Elk Attacks Woman in Yellowstone National Park

Katy Shipley | | Featured ArticleFeatured Article

A Yellowstone employee was attacked by a cow elk on Sunday, June 3, according to a National Park Service news release. Charlene Triplett, age 51, was kicked multiple times and received serious injuries. The elk reared up and hit her head, torso, and back. She was flown to the trauma center at Eastern Idaho Regional Medical Center.

The attack took place behind the Mammoth Hot Springs Hotel. Rangers remained in the area to warn others about the elk and calf.  The elk was protecting a calf bedded down roughly 20 feet away and hidden by other cars.

“Use caution around elk, especially during calving season: always remain at least 25 yards away from these animals”- National Park Service

Yellowstone Bison
Park officials warn visitors to give animals 25 yards of space at all times. I don’t think surrounding a bison like a bunch of paparazzi is a good idea… Image: Ruffin Prevost/Yellowstone Gate

Animal attacks are not uncommon in National Parks.  Large animals are especially dangerous during breeding and calving season. Mother’s get extremely protective over their calves/cubs and are not to be approached, no matter how cute they are.

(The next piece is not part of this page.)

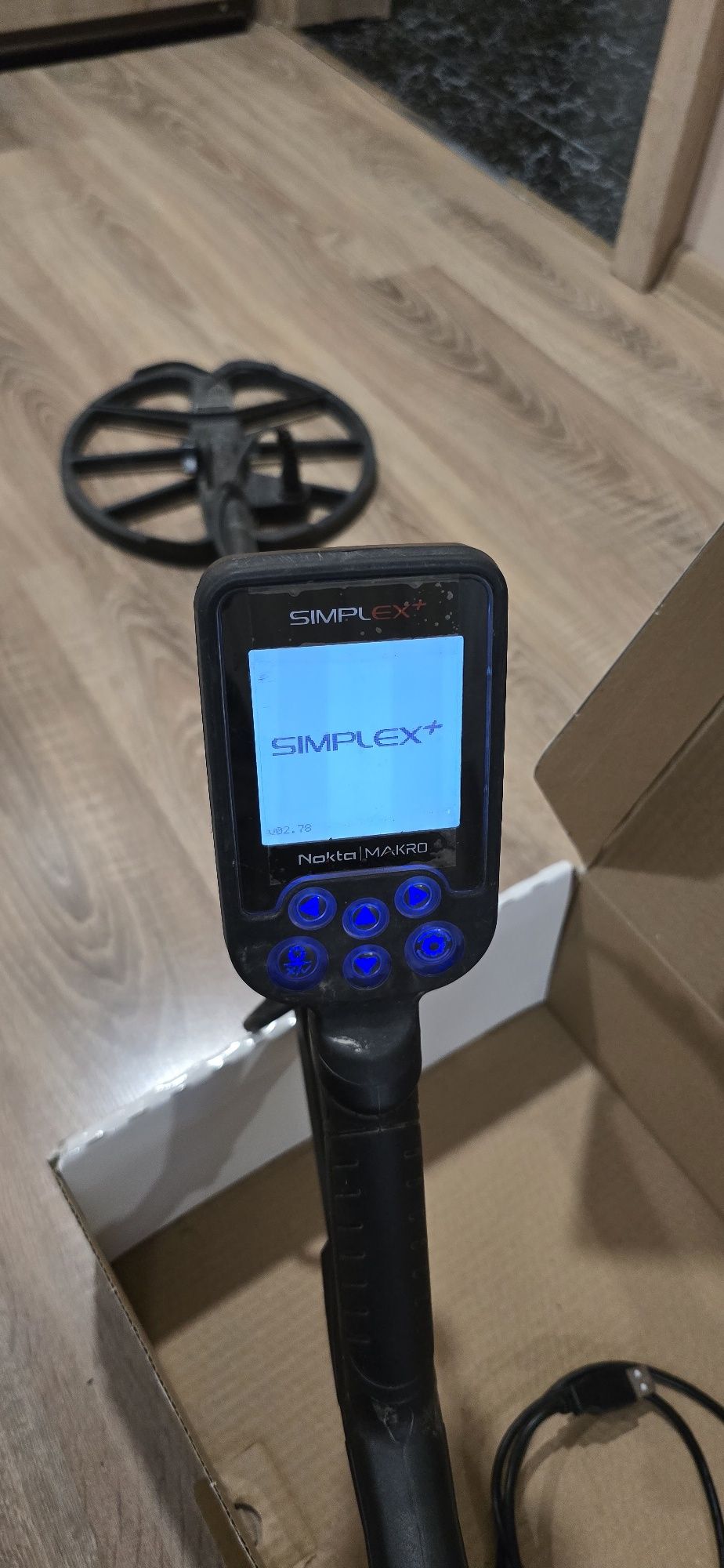 Металдетектор  Металотърсач   Nokta Makro Simplex+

Things to Consider Next Time You Visit a National Park:

  • Give animals 25 yards of space at all times
  • Never approach a mother and her young
  • Never approach animals to take a picture
  • Stay on designated paths
  • Stay in your car during a wildlife jam

More often than not, it is the humans who instigate an attack.  The National Park Service cautions against feeding and taking pictures with wild animals.  While the animals have become accustomed the presence of humans, they are not domestic.

“Stop staring at your camera or phone, be aware of your surroundings, and know that Yellowstone’s wild animals are free to roam where they please.”-Yellowstone Park Officials

Yellowstone Boardwalk Bears
Animals are especially dangerous when protecting their young. No bear selfies, please. Image: National Park Service

The Safe Selfie Pledge was created due to an increase in visitors at Yellowstone National Park.  They hope to promote that the wildlife have the right of way and should be respected.  But real quick, let me take a #bearselfie!